What is being asked
With nothing added or dropped, copy the data that follows exactly.
------------------------------------------------------------------------
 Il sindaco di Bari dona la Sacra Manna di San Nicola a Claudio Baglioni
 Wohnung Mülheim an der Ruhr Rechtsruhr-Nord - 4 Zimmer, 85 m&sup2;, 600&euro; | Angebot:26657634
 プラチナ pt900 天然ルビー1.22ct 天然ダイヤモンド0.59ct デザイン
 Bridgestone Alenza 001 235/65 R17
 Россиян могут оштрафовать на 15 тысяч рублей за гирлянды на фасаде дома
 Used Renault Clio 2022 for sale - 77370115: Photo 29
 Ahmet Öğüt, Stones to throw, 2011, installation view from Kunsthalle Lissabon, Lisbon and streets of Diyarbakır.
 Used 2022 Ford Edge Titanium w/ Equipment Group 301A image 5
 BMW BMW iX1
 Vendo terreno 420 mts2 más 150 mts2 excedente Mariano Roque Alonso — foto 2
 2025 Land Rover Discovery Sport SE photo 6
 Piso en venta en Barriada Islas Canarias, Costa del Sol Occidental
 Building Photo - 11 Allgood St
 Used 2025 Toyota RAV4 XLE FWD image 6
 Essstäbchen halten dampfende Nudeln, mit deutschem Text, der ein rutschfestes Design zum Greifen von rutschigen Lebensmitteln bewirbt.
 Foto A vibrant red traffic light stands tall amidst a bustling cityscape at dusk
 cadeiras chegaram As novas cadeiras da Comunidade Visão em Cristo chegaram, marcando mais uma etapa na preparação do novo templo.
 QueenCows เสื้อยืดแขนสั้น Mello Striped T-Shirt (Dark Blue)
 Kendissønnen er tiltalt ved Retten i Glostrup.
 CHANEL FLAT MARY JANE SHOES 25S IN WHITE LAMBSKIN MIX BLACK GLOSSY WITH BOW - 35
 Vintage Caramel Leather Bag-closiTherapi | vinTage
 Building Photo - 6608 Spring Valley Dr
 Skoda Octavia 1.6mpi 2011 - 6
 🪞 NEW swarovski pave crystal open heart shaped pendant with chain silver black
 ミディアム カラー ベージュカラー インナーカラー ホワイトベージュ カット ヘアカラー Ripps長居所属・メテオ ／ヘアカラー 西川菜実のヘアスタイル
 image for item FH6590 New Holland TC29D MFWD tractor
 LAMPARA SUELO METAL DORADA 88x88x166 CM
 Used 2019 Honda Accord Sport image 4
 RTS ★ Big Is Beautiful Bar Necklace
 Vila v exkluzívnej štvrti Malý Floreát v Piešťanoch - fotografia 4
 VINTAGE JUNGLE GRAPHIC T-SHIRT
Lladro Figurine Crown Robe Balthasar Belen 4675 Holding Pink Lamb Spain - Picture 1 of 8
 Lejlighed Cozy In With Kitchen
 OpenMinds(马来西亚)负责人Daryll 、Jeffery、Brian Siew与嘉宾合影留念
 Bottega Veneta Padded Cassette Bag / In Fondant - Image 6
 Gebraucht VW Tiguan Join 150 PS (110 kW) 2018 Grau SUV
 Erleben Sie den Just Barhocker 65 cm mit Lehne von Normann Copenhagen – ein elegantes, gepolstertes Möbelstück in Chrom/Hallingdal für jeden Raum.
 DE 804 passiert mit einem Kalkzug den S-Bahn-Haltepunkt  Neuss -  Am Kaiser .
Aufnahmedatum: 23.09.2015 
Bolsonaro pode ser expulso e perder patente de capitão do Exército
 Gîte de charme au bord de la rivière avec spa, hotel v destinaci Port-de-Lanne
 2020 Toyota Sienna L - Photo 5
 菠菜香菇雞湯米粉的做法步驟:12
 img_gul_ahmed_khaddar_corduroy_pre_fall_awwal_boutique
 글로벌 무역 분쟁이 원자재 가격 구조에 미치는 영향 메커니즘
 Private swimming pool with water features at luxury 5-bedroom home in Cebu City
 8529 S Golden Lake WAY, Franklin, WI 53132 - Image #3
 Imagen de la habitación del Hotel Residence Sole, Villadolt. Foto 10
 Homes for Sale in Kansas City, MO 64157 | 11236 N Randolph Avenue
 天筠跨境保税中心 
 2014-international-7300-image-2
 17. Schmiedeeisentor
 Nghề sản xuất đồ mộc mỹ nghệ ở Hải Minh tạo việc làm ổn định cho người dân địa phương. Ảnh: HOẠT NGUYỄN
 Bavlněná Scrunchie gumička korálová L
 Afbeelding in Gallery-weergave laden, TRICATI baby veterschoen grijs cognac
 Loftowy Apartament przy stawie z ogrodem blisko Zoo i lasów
------------------------------------------------------------------------
Solution to the exercise
 Il sindaco di Bari dona la Sacra Manna di San Nicola a Claudio Baglioni
 Wohnung Mülheim an der Ruhr Rechtsruhr-Nord - 4 Zimmer, 85 m&sup2;, 600&euro; | Angebot:26657634
 プラチナ pt900 天然ルビー1.22ct 天然ダイヤモンド0.59ct デザイン
 Bridgestone Alenza 001 235/65 R17
 Россиян могут оштрафовать на 15 тысяч рублей за гирлянды на фасаде дома
 Used Renault Clio 2022 for sale - 77370115: Photo 29
 Ahmet Öğüt, Stones to throw, 2011, installation view from Kunsthalle Lissabon, Lisbon and streets of Diyarbakır.
 Used 2022 Ford Edge Titanium w/ Equipment Group 301A image 5
 BMW BMW iX1
 Vendo terreno 420 mts2 más 150 mts2 excedente Mariano Roque Alonso — foto 2
 2025 Land Rover Discovery Sport SE photo 6
 Piso en venta en Barriada Islas Canarias, Costa del Sol Occidental
 Building Photo - 11 Allgood St
 Used 2025 Toyota RAV4 XLE FWD image 6
 Essstäbchen halten dampfende Nudeln, mit deutschem Text, der ein rutschfestes Design zum Greifen von rutschigen Lebensmitteln bewirbt.
 Foto A vibrant red traffic light stands tall amidst a bustling cityscape at dusk
 cadeiras chegaram As novas cadeiras da Comunidade Visão em Cristo chegaram, marcando mais uma etapa na preparação do novo templo.
 QueenCows เสื้อยืดแขนสั้น Mello Striped T-Shirt (Dark Blue)
 Kendissønnen er tiltalt ved Retten i Glostrup.
 CHANEL FLAT MARY JANE SHOES 25S IN WHITE LAMBSKIN MIX BLACK GLOSSY WITH BOW - 35
 Vintage Caramel Leather Bag-closiTherapi | vinTage
 Building Photo - 6608 Spring Valley Dr
 Skoda Octavia 1.6mpi 2011 - 6
 🪞 NEW swarovski pave crystal open heart shaped pendant with chain silver black
 ミディアム カラー ベージュカラー インナーカラー ホワイトベージュ カット ヘアカラー Ripps長居所属・メテオ ／ヘアカラー 西川菜実のヘアスタイル
 image for item FH6590 New Holland TC29D MFWD tractor
 LAMPARA SUELO METAL DORADA 88x88x166 CM
 Used 2019 Honda Accord Sport image 4
 RTS ★ Big Is Beautiful Bar Necklace
 Vila v exkluzívnej štvrti Malý Floreát v Piešťanoch - fotografia 4
 VINTAGE JUNGLE GRAPHIC T-SHIRT
Lladro Figurine Crown Robe Balthasar Belen 4675 Holding Pink Lamb Spain - Picture 1 of 8
 Lejlighed Cozy In With Kitchen
 OpenMinds(马来西亚)负责人Daryll 、Jeffery、Brian Siew与嘉宾合影留念
 Bottega Veneta Padded Cassette Bag / In Fondant - Image 6
 Gebraucht VW Tiguan Join 150 PS (110 kW) 2018 Grau SUV
 Erleben Sie den Just Barhocker 65 cm mit Lehne von Normann Copenhagen – ein elegantes, gepolstertes Möbelstück in Chrom/Hallingdal für jeden Raum.
 DE 804 passiert mit einem Kalkzug den S-Bahn-Haltepunkt  Neuss -  Am Kaiser .
Aufnahmedatum: 23.09.2015 
Bolsonaro pode ser expulso e perder patente de capitão do Exército
 Gîte de charme au bord de la rivière avec spa, hotel v destinaci Port-de-Lanne
 2020 Toyota Sienna L - Photo 5
 菠菜香菇雞湯米粉的做法步驟:12
 img_gul_ahmed_khaddar_corduroy_pre_fall_awwal_boutique
 글로벌 무역 분쟁이 원자재 가격 구조에 미치는 영향 메커니즘
 Private swimming pool with water features at luxury 5-bedroom home in Cebu City
 8529 S Golden Lake WAY, Franklin, WI 53132 - Image #3
 Imagen de la habitación del Hotel Residence Sole, Villadolt. Foto 10
 Homes for Sale in Kansas City, MO 64157 | 11236 N Randolph Avenue
 天筠跨境保税中心 
 2014-international-7300-image-2
 17. Schmiedeeisentor
 Nghề sản xuất đồ mộc mỹ nghệ ở Hải Minh tạo việc làm ổn định cho người dân địa phương. Ảnh: HOẠT NGUYỄN
 Bavlněná Scrunchie gumička korálová L
 Afbeelding in Gallery-weergave laden, TRICATI baby veterschoen grijs cognac
 Loftowy Apartament przy stawie z ogrodem blisko Zoo i lasów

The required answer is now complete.